Tapped Horn (patent pending)
Horns have been used for decades in sound reinforcement to increase the loading on the loudspeaker driver. This is done to
increase the power transfer from the driver to the environment in which the sound is radiated. For maximum power transfer to
occur an impedance match between the loudspeaker driver and the free air must be established. A horn is the means to this
impedance match.

For a horn to operate properly it must not be acoustically small compared the frequencies (wavelengths) it is to radiate.
Conventional horn theory and design formulae are based on this assumption. To meet this requirement the horn needs to be at
least one-half wavelength long at the low frequency cut-off of the horn and the circumference of the mouth must be at least one
wavelength.

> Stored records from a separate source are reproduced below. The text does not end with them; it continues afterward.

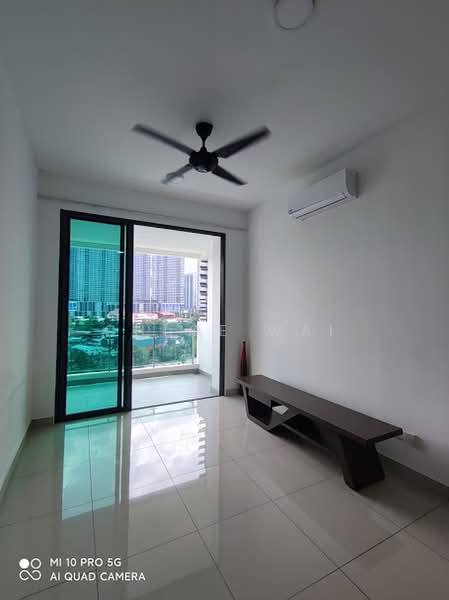 Kondominium untuk Dijual di The Vyne - Chloe Wai - Balcony - PropertyGuru.com.my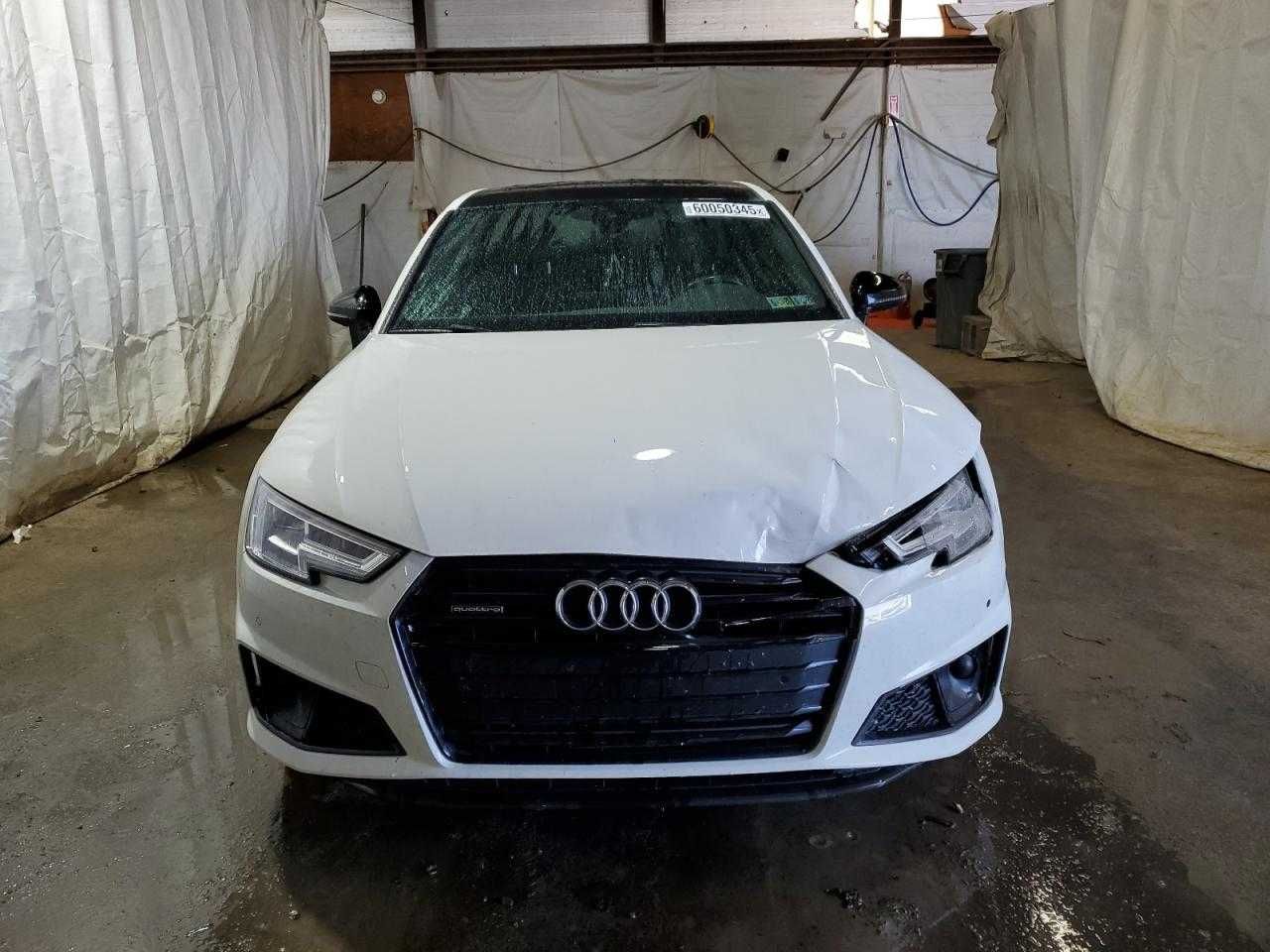 Audi a4b9 з америки
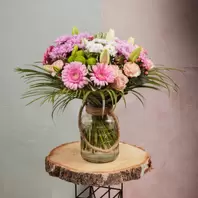 Bouquet Charmant Rosier offre à 24,99€ sur Carrément Fleurs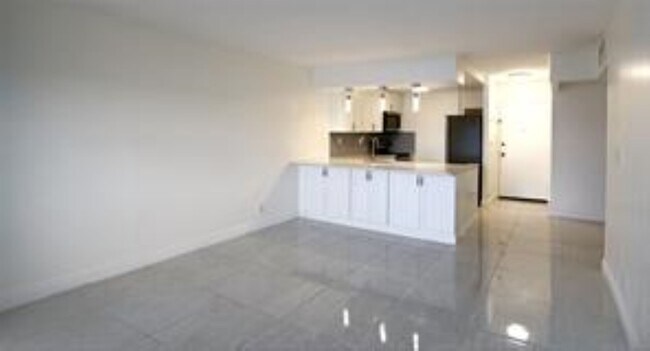 550 Bayshore Dr, Unit 104 in Fort Lauderdale, FL - Building Photo - Building Photo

When used for low frequency reproduction this can make for a very large unwieldy horn that can becomes
impractical to make or move.

A common practice used to reduce horn size is to make it only one-quarter of a wavelength long at the low frequency cut-off.
This “short cut” has some very interesting effects on a horn’s performance. Of note is that a quarter wavelength resonance will
have a velocity minimum at the throat compared to the half wavelength resonance which will have a velocity maximum at the
throat. The net result of this is that, while there will be output from the horn in its low frequency region, the horn will not yield
efficient power transfer until the frequency is increased sufficiently to correspond to the horn being one-half wavelength long.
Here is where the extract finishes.